- Genre: Comedy-drama Legal drama
- Created by: Jim Cummings PJ McCabe
- Written by: Jim Cummings PJ McCabe
- Directed by: Jim Cummings PJ McCabe
- Starring: Shereen Lani Younes Jim Cummings Jon Rudnitsky B.K. Cannon Boni Mata Kumail Nanjiani
- Country of origin: United States
- Original language: English
- No. of episodes: 5

Production
- Producers: Michael J. McGarry Thomas Cross
- Production companies: Cool & Happy Limited

= The Screener =

2026 American television miniseries

The Screener is an upcoming American comedy-drama limited series created, written, and directed by Jim Cummings and PJ McCabe. Independently produced by Cool & Happy Limited, the five-episode series follows an indie filmmaker whose work leaks from a Hollywood talent agency, triggering a criminal investigation that escalates into a RICO prosecution. The series had its world premiere in the Episodic program at the 2026 Sundance Film Festival.

== Premise ==
Minnie (Shereen Lani Younes), a queer Muslim independent filmmaker, screens the explicit uncut version of her latest film for a talent agency in their private screening room. When the agency uploads the film to its internal server without her permission and it subsequently leaks online, she decides to press criminal charges. Los Angeles district attorney Tony Avaluto (Cummings) takes on the case, and his office pursues a RICO prosecution against the agency as a white-collar crime syndicate.
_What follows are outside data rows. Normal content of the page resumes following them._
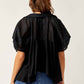 Free People - SUNRAY BABYDOLL TOP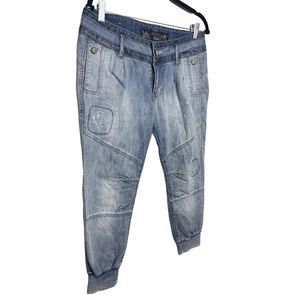 EXR Collection Progressive Rare Blue‎ Jeans Size Korea 70 US 10 Women's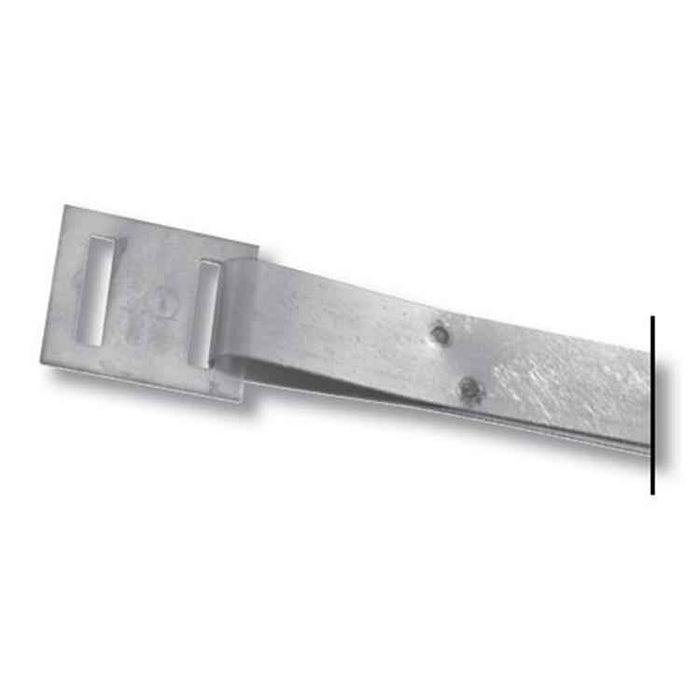 Steel Anchor Strap w/Buckle - Young Farts RV Parts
Each episode functions as a chapter in the investigation: the first depicts the leak from the agency's perspective, while subsequent episodes expand to the DA's office and the legal proceedings.

== Cast ==
- Shereen Lani Younes as Minnie, a queer Iranian independent filmmaker
- Jim Cummings as Tony Avaluto, the Los Angeles district attorney
- Jon Rudnitsky as an agent at IBG
- B.K. Cannon as Katherine, an assistant district attorney
- Boni Mata as Minnie's agent
- Shaun Brown as an assistant district attorney
- Bryan Casserly
- Nicolette Doke as an assistant at IBG
- Daryl Sabara as Derek Kahn
- Creed Bratton
- Kumail Nanjiani as Parker, a senior agent at IBG

== Production ==

=== Development ===
Cummings and McCabe, who have collaborated for approximately 20 years, were inspired by a pattern of real-life industry leaks. After a talent representative told them an anecdote about seeing the Coen brothers' No Country for Old Men months before its theatrical release, the pair became interested in what they describe as "screener culture", or the practice of using prerelease copies of films as social currency within Hollywood. Other reference points included the leak of Quentin Tarantino's The Hateful Eight screenplay, which an FBI investigation traced to a DVD screener, and the pre-release upload of X-Men Origins: Wolverine.
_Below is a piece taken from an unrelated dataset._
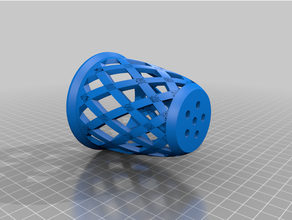 hydroponique tasse 3d print model - Mito3D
Cummings initially wrote the first 30 pages as a potential feature film before the pair decided the scope of the story was better suited to a series format. The duo co-wrote the scripts by workshopping dialogue aloud and performing scenes together, a method they described as essential to achieving naturalistic dialogue.

The project was a continuation of their interest in the internal workings of talent agencies, which they had previously explored in their 2021 film The Beta Test, set against the backdrop of the 2019 WGA packaging dispute.

=== Research ===
In preparation, Cummings and McCabe spent roughly two years interviewing current and former agents from major talent agencies, attorneys, court clerks, a former member of the Los Angeles District Attorney's office, FBI agents, and filmmakers who had been victims of leaks. They collected accounts of practices such as DVD ripping in agency mailrooms and unauthorized access to film festival submission platforms.

=== Filming ===
The series was independently produced through Cool & Happy Limited, outside the traditional studio system. Cummings and McCabe raised the budget in approximately five and a half months by tapping investors from their previous projects. The Screener features a mix of newcomers and industry veterans.

== Release ==
The Screener premiered at the 2026 Sundance Film Festival (January 22 to February 1, 2026) as part of the festival's Episodic program, with the first three episodes screening in person.

As of March 2026, the series does not have a distributor. Cummings and McCabe have been holding in-person buyers' screenings in New York and Los Angeles, consistent with the series' thematic concerns about digital distribution of unreleased content.

== Reception ==
Writing for The Cut, Michel Ghanem gave the series a positive review, calling it worthy of enthusiasm.The Hollywood Reporters Mia Galuppo reported that the series generated significant word-of-mouth among industry attendees following its Sundance premiere, noting that entertainment lawyers, talent representatives, and other professionals continued discussing it in the weeks afterward.